$Michina(ミチナ) 世界一周旅行の記録


イスラム圏の人には特有のウザさがある。

「うざーい!」とテンション高めに言う時の
マルチに使える“ウザさ”ではなく、

「ウザったいよね。」と冷静に言う時の
本来の意味の“ウザさ”。

まぁ、言葉の本来の意味なんてどうでもいいことなんだけど。


ポジティブに言い換えるなら、“親切”。

受け取り手に解釈を預けるなら、“世話好き”。

でも僕は感じたままに“ウザい”と表現する。


トルコにいたトルコ人にも感じたしイラン人のサイードにも感じた。ルーマニアで会ったモジーブにも感じた。

マドリッド出会ったサイには感じなかったかな。


タンジェの町で会ったムネからはガンガン感じた。

シェフシャワン行きのバスが出発するまで、5時間ほどあった。

僕は値段の割にえらくきちっとした制服を着て、ビジネス以上の愛想のよさを見せないウェイターのいる食堂で25DH(ディルハム)チキンライスを食べた。彼の愛想からは“ウザさ”を感じず、むしろ仕事に対する誇りを感じて、気持ちが良かった。


その浜を歩いているとムネが話しかけてきた。

ムネ//チャイニ―か?
僕//いや、ジャパニ―だ。
ムネ//ジャパニ―か。グーッドグーッド!ジャパニー、グーッド!

例の“ウザさ”にはこの「Good」を言いすぎる、と言うことも含まれる。

ムネ//いつ来たんっだ?
僕//今来たんだ。
ムネ//ウェルカムウェルカム。
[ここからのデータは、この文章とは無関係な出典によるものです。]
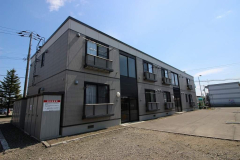 ヴィンターガルテンの外観写真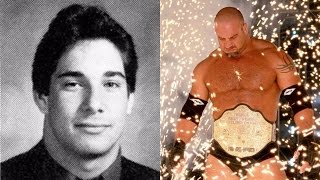 Wrestling Origins: Goldberg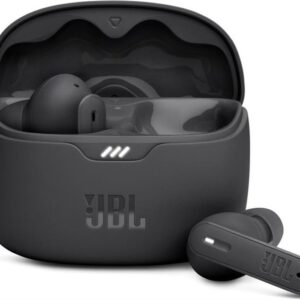  8 - Навушники Bluetooth JBL Tune Beam Black (JBLTBEAMBLK)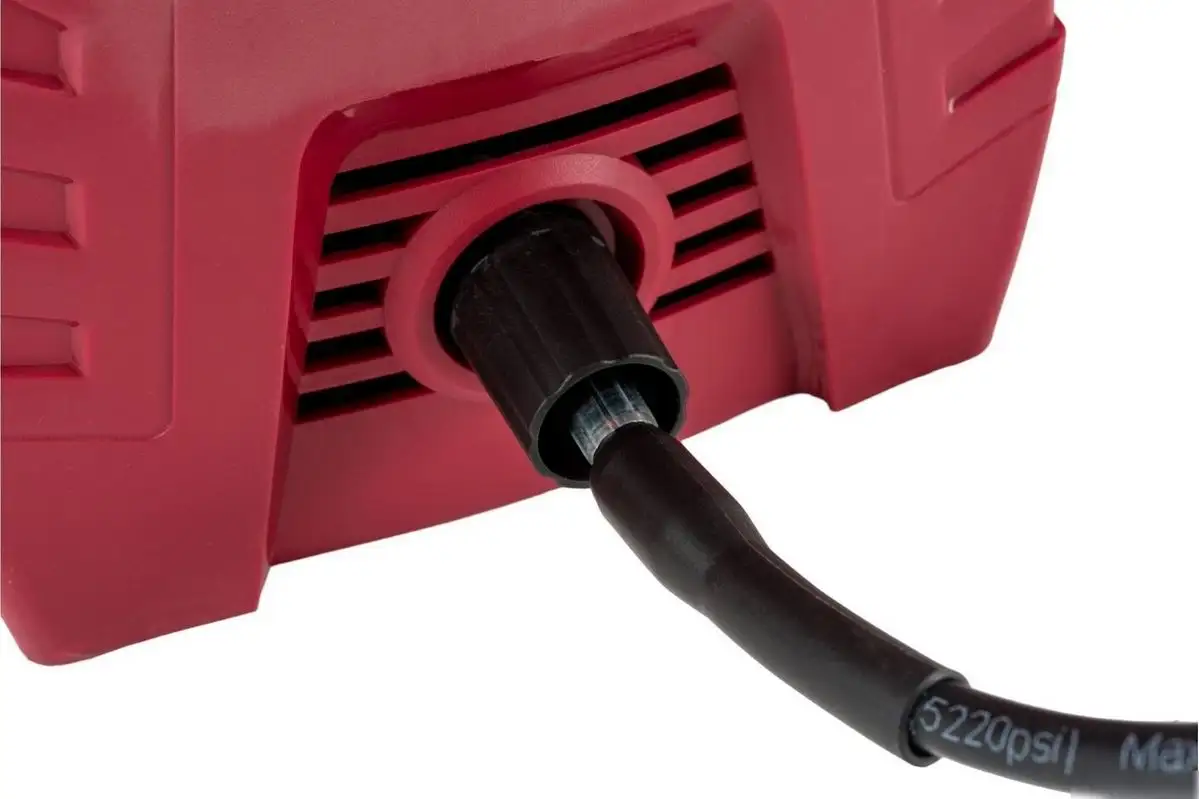 Мойка высокого давления Gigant GMD-18N – фото товара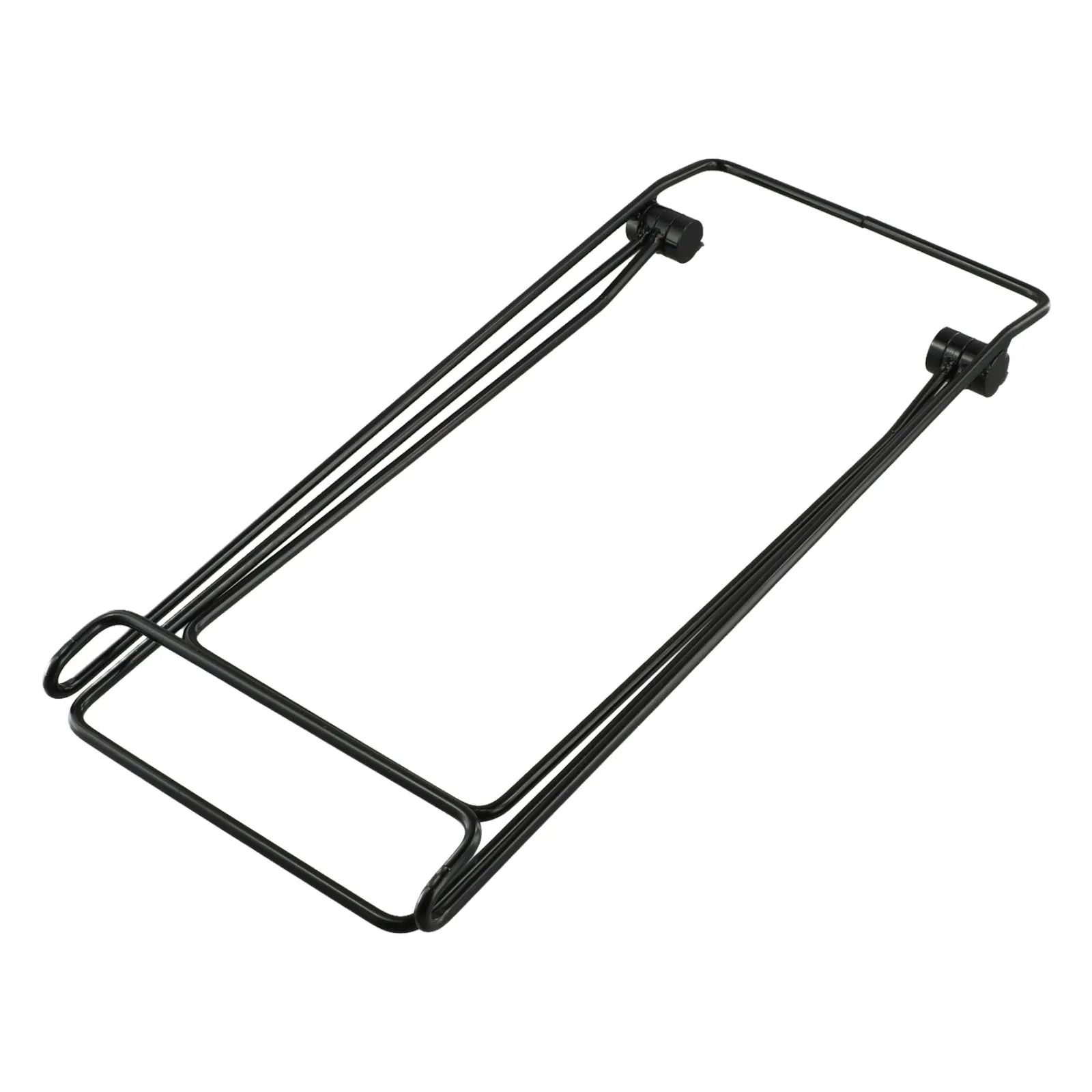Black Solar Panel Bracket Energy Collection Optimal Energy Collection Easy Transport And Storage Engineered For Stability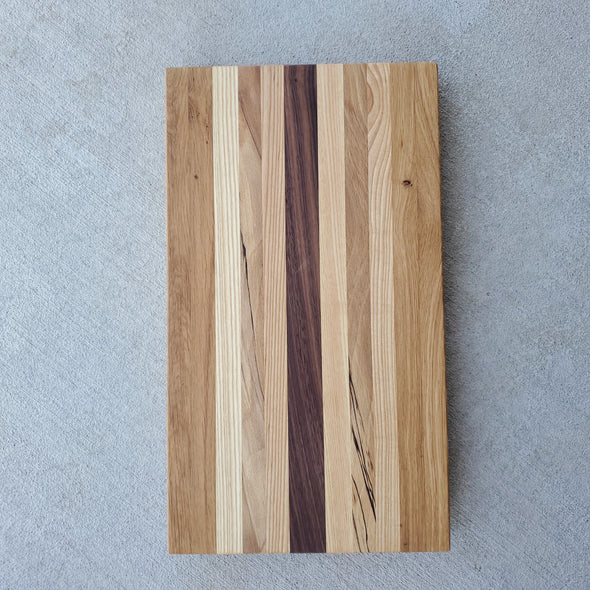 #1 Limited-Edition Cutting Board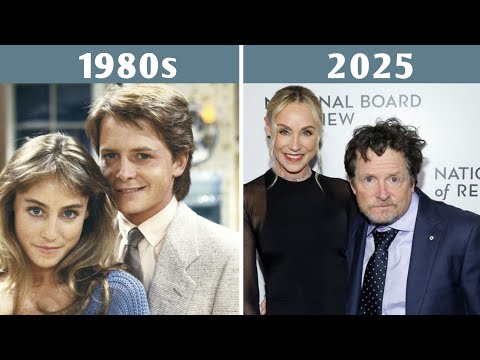 75+ Famous Celebrity Couples: Then and Now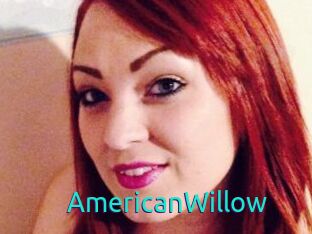 AmericanWillow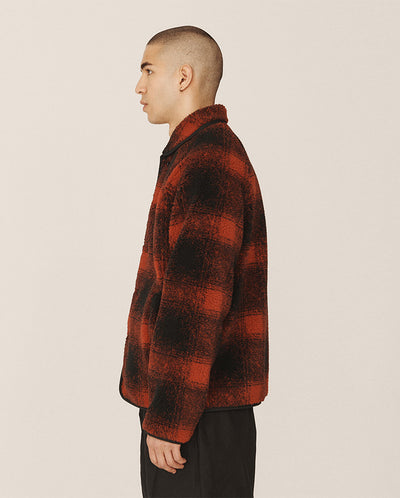 Beach Jacket RED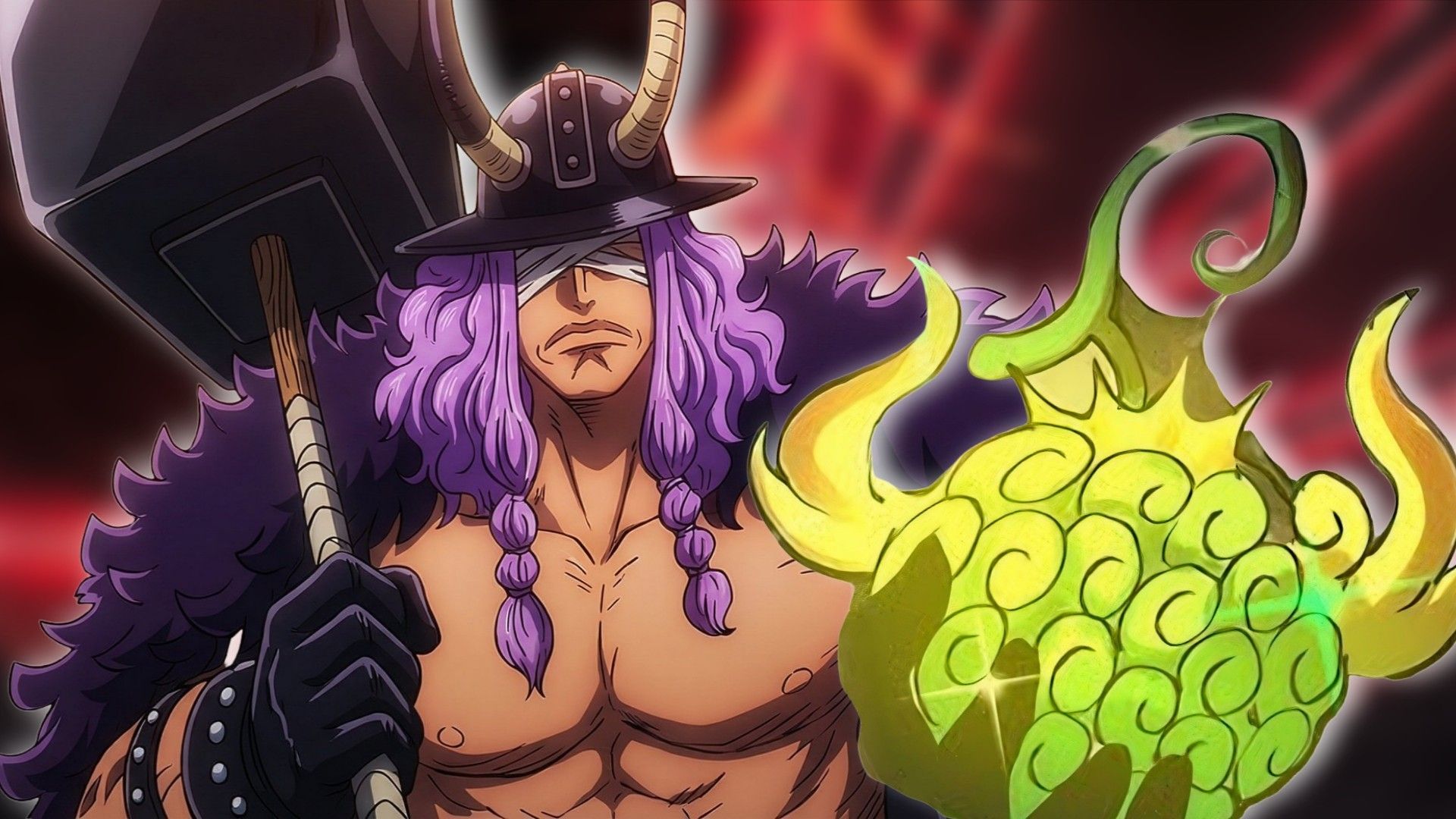 Buah Iblis Loki Terbaru One Piece Terungkap, Kekuatan Spesial Kalahkan Imu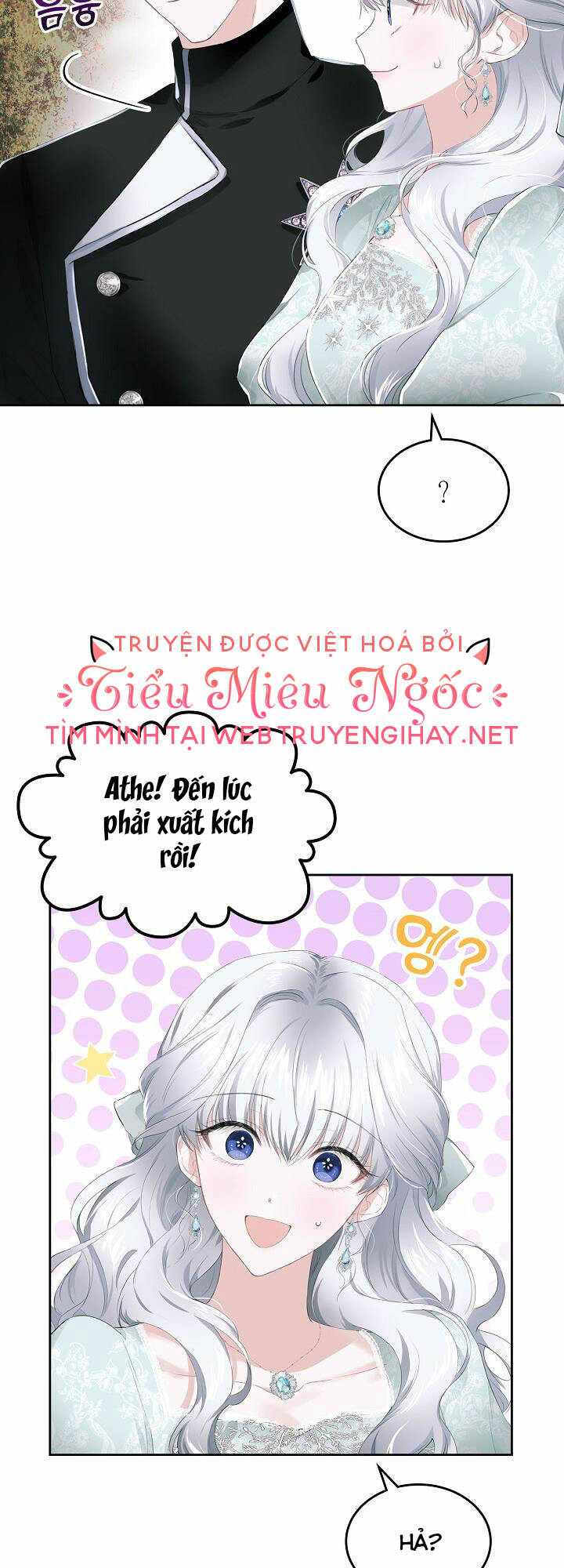 con gái bá tước bỗng thành vị hôn thê của thái tử điện hạ chapter 7 8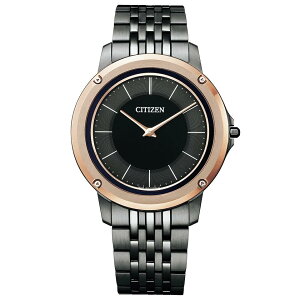 �y�������K�i�z �y3�N�ۏ؁z CITIZEN �V�`�Y�� EcoDriveOne �G�R�h���C�u���� AR5054-51E �\�[���[ �X�e�����X �f�����e�N�gDLC(�u���b�N�F) �T�t�@�C���K���X ���퐶���h��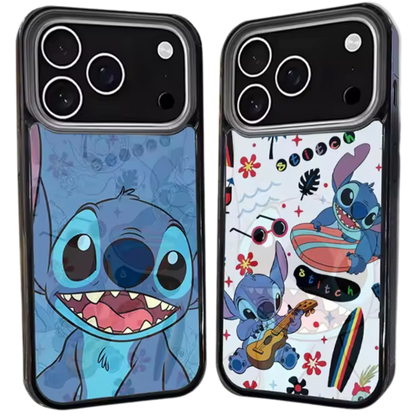 Stitch 3D Lenticular iPhone Case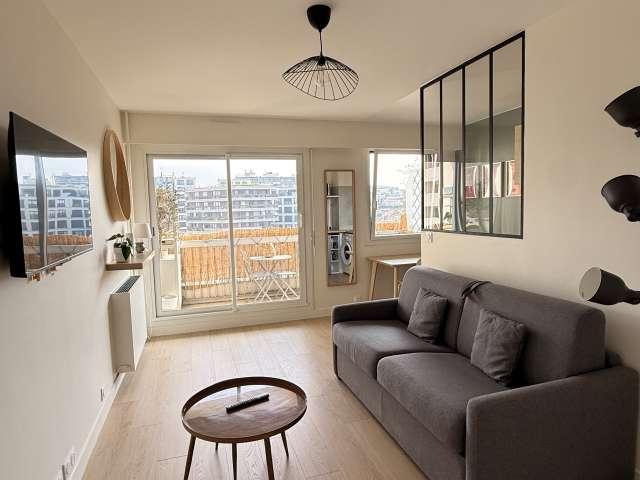 Studio location à Paris, Île-de-France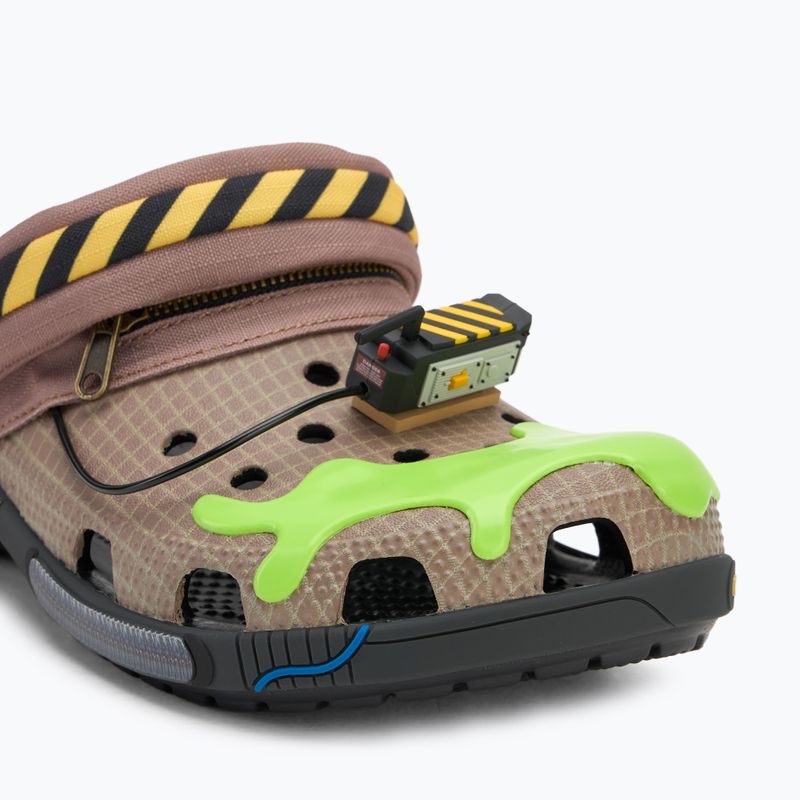 Šlepetės Crocs Classic Ghostbusters multicolor 8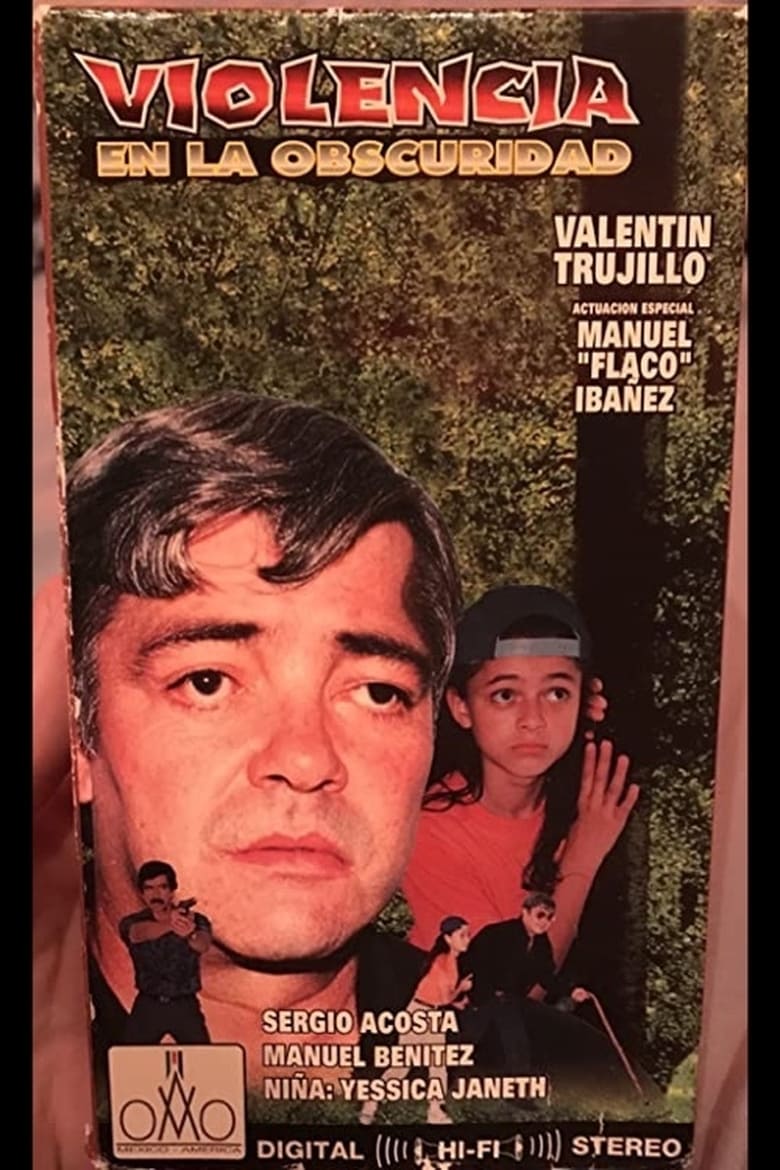 Poster of Violencia en la Obscuridad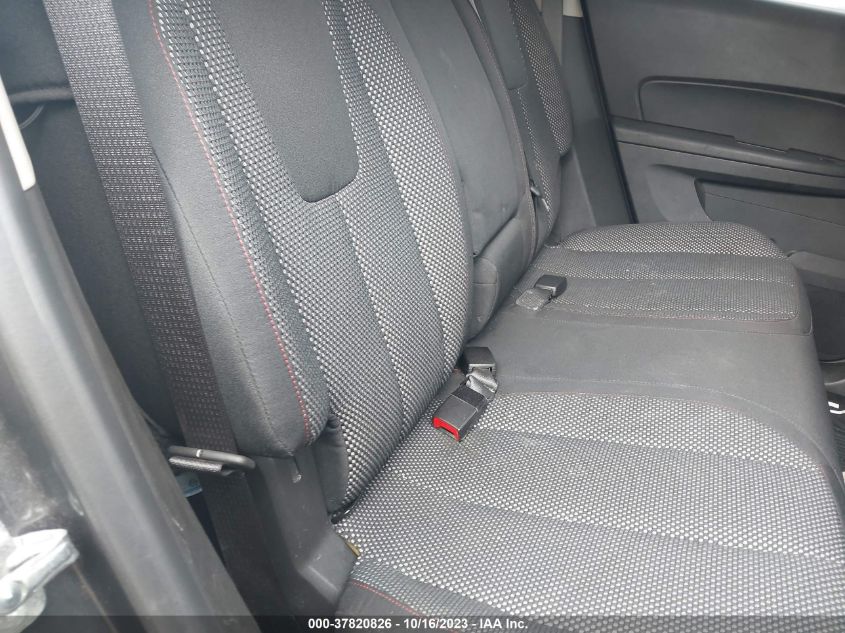 2013 CHEVROLET EQUINOX LT - 2GNALDEK1D6369905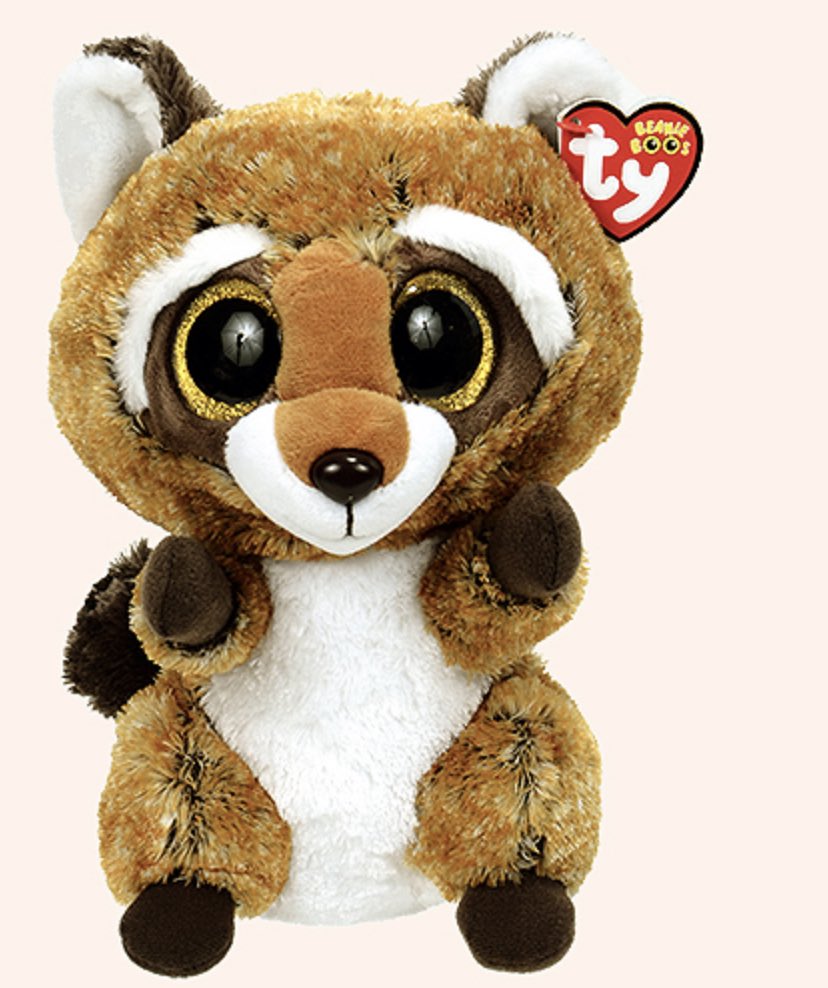 Stacie ✿ On Twitter: "Rusty The Raccoon “I Know It's Stinky But It's True I  Really Love My Garbage Stew!” Timothée Chalamet Would Have The Raccoon Beanie  Boo.... Https://T.co/Xdcipweurp" / Twitter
今日ここに泊まるのか?
僕//いや、すぐにシェフシャワンに行くんだ。
ムネ//おーシェフシャワン、グーッドグーッド。

砂浜にはサッカーをする青少年たちであふれていた。
100人はいただろうか。

試合をしているものが大半だった。
ミニゲームから、イレブン対イレブンで本格的にやっている試合もある。

その中に熱心にキーパー特訓をする二人組がいた。
彼らのそばにリュックを下ろし、その上に腰かけた。

すかさず「リラークス」とさも自分がここに招いたかのように言ってくるムネのこの発言も“ウザい”ところだ。


ムネは一通り、僕のことを聞きだした。

アジアとヨーロッパを旅してきた。グード。
モロッコに1か月いる。ウェルカム。
そのあとベルギーとオランダに行く。グード。
両親と姉と弟がいる。グード。
スペインから船でここまで来た。ウェルカム。
21歳。グード。
学生。グード。
経済学専攻。グード。
…その他いろいろ。グードグード。

ゴールネットのないところでキーパー練習をするので、たったひとつしかないボールは、すぐにどこかに飛んでいき、特訓はしばしばしばし中断される。僕とムネの二人がいる方向にボールが飛んでくる頻度が高く、その度にムネがボールを追いかけていき、蹴り返した。

話はモロッコのオススメスポット、オススメ料理に移っていく。

オススメはごまんとあるらしく、ムネのトークは止まらない。

数を並べれば並べるほど、一つの価値が下がる、という考え方はしないのだろうか?


ムネ//酒は飲むか?
僕//強くないけど、ビール以外なら飲む。
ムネ//モロッコでは酒を飲まないんだ。
僕//へー。
ムネ//ブタも食べない。
僕//牛は食べるんだろ?
ムネ//牛は食べる。
僕//へー。
ムネ//鶏も食べる。
僕//へー。
ムネ//ムートンも食べる。
僕//へー。
ムネ//ウサギも食べる。
僕//へー。
ムネ//ピジョンも食べる。
僕//そうなんだ。そろそろ行くわ。

ほっといたら、ブタ以外の動物すべてを食べてしまいそうだったので、僕は砂浜を離れた。
でもムネは街を散歩する僕からしばらく離れなかった。